COLLECTED MATERIAL =>
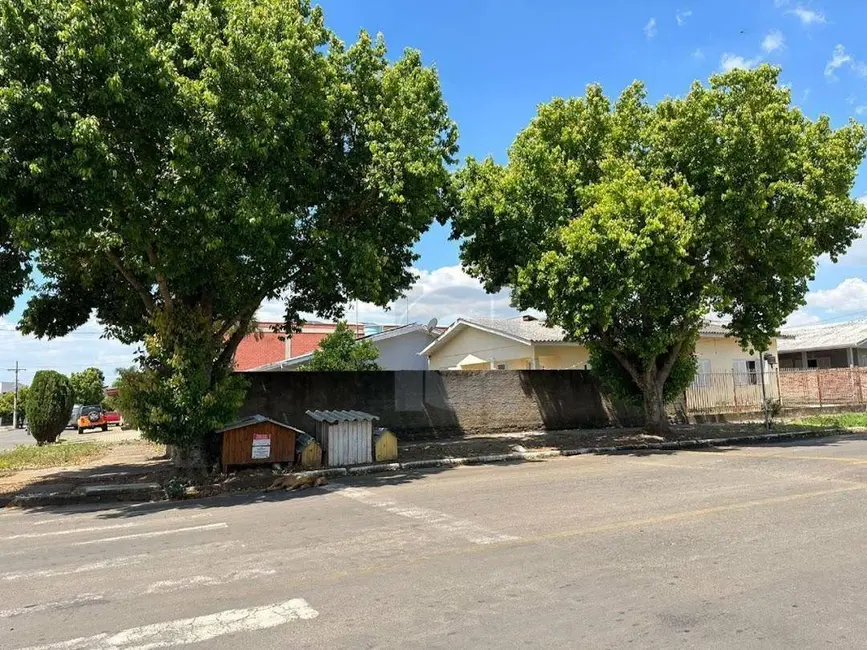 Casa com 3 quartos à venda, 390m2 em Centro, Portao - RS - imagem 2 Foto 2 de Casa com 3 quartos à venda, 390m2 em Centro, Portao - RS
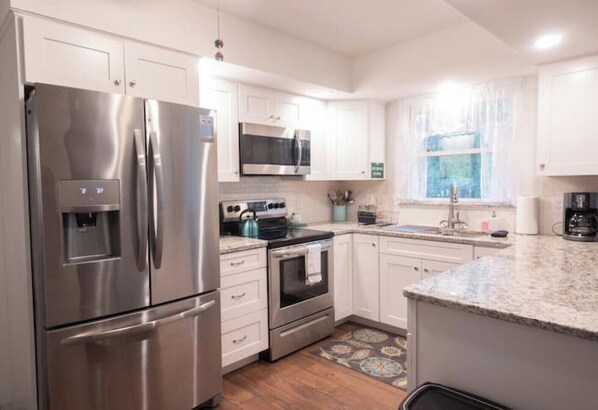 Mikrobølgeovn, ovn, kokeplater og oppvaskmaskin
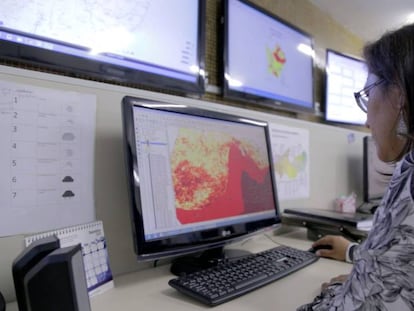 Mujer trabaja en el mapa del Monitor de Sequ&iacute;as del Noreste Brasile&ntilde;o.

EXERCISE DESCRIPTION => Retype the listing exactly. Leave the pictures out.

RESPONSE BELOW =>
 Casa com 3 quartos à venda, 390m2 em Centro, Portao - RS - imagem 2 Foto 2 de Casa com 3 quartos à venda, 390m2 em Centro, Portao - RS
 Mikrobølgeovn, ovn, kokeplater og oppvaskmaskin
 Mujer trabaja en el mapa del Monitor de Sequ&iacute;as del Noreste Brasile&ntilde;o.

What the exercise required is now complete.